=== Begin Enclosure ===

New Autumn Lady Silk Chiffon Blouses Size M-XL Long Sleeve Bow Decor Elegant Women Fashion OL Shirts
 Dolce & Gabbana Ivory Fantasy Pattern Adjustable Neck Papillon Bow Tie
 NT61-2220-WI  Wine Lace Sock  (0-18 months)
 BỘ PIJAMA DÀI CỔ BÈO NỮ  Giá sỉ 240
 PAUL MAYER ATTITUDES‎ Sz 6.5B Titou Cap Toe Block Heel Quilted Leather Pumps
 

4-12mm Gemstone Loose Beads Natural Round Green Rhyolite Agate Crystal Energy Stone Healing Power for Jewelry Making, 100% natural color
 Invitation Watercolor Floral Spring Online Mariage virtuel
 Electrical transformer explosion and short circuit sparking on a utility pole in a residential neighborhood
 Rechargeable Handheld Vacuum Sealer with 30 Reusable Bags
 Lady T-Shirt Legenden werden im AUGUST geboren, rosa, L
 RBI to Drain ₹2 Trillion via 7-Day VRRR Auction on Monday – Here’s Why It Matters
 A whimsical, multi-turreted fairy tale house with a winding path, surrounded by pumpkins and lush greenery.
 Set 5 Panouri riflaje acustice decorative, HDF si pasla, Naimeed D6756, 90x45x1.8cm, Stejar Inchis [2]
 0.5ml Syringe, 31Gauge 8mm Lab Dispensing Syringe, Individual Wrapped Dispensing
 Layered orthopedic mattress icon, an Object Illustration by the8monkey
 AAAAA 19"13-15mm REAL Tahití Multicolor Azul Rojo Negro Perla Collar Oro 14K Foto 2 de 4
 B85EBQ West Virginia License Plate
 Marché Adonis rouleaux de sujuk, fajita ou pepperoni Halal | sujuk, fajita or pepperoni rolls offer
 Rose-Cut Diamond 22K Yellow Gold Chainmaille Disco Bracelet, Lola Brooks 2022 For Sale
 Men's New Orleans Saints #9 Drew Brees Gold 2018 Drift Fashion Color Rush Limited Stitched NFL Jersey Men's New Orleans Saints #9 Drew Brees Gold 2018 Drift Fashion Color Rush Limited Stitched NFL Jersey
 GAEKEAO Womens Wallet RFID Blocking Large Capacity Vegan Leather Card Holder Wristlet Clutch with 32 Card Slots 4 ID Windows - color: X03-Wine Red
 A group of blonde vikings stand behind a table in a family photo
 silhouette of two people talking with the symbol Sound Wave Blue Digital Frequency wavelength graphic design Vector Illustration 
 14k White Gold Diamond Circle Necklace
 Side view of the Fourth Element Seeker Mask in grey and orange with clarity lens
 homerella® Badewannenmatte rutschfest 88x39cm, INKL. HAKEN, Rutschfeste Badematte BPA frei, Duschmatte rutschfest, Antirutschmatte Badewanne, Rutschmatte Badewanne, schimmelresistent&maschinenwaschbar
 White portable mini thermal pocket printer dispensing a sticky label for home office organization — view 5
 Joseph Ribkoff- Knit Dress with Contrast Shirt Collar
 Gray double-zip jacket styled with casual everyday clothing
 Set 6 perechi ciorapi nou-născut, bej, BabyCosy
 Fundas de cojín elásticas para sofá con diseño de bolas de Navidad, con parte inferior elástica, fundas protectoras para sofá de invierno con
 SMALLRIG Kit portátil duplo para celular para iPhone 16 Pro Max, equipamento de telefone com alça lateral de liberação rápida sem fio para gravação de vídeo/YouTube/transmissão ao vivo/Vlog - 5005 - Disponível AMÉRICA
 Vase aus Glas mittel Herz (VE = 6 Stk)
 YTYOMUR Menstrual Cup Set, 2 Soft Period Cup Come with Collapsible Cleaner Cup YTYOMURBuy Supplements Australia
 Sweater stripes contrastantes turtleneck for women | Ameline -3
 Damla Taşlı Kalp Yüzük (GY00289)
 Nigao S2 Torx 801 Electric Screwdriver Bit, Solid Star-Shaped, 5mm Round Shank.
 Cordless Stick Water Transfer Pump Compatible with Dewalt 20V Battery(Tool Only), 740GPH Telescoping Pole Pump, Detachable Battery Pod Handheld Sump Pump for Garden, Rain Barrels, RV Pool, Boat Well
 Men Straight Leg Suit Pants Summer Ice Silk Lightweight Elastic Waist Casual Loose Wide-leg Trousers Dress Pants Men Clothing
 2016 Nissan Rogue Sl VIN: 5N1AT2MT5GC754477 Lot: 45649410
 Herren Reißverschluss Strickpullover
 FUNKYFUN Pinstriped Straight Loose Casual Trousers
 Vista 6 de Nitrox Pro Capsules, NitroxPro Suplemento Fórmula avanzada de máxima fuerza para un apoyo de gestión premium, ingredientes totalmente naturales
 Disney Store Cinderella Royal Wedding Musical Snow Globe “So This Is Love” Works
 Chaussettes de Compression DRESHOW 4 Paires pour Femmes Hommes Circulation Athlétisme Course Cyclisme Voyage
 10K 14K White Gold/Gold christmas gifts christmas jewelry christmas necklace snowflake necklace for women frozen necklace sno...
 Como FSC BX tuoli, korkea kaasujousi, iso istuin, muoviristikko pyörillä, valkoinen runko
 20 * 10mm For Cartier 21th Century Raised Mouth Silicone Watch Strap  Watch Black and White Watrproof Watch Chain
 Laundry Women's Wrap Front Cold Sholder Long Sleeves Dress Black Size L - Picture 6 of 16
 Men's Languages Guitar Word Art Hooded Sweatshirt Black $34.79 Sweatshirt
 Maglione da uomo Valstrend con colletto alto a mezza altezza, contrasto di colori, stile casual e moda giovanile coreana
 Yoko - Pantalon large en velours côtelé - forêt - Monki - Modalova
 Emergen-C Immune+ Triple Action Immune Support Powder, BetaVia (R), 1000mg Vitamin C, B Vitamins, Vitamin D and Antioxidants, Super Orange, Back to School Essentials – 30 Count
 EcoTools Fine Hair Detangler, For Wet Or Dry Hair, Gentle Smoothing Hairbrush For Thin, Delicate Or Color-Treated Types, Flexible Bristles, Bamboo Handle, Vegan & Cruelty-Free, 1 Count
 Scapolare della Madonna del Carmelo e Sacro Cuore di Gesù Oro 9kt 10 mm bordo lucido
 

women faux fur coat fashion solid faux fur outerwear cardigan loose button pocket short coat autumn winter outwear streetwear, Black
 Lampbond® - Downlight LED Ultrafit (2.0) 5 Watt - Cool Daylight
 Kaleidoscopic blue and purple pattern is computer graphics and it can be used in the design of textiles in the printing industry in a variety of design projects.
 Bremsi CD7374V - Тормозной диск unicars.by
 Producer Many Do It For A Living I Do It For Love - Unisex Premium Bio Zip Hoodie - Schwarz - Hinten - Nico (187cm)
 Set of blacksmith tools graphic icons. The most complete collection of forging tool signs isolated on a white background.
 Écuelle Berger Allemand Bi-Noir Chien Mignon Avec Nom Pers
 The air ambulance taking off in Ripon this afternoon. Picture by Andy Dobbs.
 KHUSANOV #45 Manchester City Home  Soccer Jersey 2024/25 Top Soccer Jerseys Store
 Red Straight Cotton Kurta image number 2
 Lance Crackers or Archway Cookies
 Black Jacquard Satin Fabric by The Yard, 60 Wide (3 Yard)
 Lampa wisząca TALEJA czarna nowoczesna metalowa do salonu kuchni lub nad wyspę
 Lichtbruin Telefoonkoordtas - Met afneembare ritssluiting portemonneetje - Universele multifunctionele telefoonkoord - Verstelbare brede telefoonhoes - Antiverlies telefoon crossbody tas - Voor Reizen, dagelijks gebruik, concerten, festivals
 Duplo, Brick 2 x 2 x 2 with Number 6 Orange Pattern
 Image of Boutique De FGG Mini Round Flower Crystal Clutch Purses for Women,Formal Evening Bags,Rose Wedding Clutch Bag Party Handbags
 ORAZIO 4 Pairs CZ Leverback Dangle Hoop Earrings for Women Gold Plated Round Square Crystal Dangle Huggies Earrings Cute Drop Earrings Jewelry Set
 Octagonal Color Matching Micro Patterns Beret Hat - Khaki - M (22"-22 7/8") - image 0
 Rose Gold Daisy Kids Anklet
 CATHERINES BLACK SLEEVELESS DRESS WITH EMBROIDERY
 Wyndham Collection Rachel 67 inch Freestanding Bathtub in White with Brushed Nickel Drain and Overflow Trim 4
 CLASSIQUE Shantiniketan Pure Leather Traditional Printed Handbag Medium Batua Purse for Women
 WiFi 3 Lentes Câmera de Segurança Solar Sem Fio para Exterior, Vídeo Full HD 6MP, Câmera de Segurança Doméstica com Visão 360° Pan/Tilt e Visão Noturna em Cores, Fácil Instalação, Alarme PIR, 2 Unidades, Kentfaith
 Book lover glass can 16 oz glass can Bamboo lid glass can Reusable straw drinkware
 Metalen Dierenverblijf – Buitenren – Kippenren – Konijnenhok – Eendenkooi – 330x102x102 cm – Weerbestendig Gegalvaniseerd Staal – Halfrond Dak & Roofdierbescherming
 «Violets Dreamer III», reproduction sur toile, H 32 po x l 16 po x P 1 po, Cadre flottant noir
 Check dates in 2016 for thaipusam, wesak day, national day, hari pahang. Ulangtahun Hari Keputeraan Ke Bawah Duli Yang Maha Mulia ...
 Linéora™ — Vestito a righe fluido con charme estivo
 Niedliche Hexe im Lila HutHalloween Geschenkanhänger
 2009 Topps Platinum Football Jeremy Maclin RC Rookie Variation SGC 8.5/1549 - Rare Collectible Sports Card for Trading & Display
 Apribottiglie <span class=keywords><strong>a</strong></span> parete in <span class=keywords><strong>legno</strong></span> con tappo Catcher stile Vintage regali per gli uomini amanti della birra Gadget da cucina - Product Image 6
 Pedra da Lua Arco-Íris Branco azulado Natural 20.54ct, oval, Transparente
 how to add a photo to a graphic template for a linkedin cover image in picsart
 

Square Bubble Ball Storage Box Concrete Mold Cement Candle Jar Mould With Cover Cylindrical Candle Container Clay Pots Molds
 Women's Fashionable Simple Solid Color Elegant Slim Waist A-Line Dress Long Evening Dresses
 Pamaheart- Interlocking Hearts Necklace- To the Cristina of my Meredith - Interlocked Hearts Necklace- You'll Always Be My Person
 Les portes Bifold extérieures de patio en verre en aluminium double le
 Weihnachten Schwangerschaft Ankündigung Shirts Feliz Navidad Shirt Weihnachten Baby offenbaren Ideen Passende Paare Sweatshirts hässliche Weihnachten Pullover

=== End Enclosure ===

_Work item_
The lines holding the string "double" in the listing above are what you should copy out.

_Solved problem_
 Gray double-zip jacket styled with casual everyday clothing
 Les portes Bifold extérieures de patio en verre en aluminium double le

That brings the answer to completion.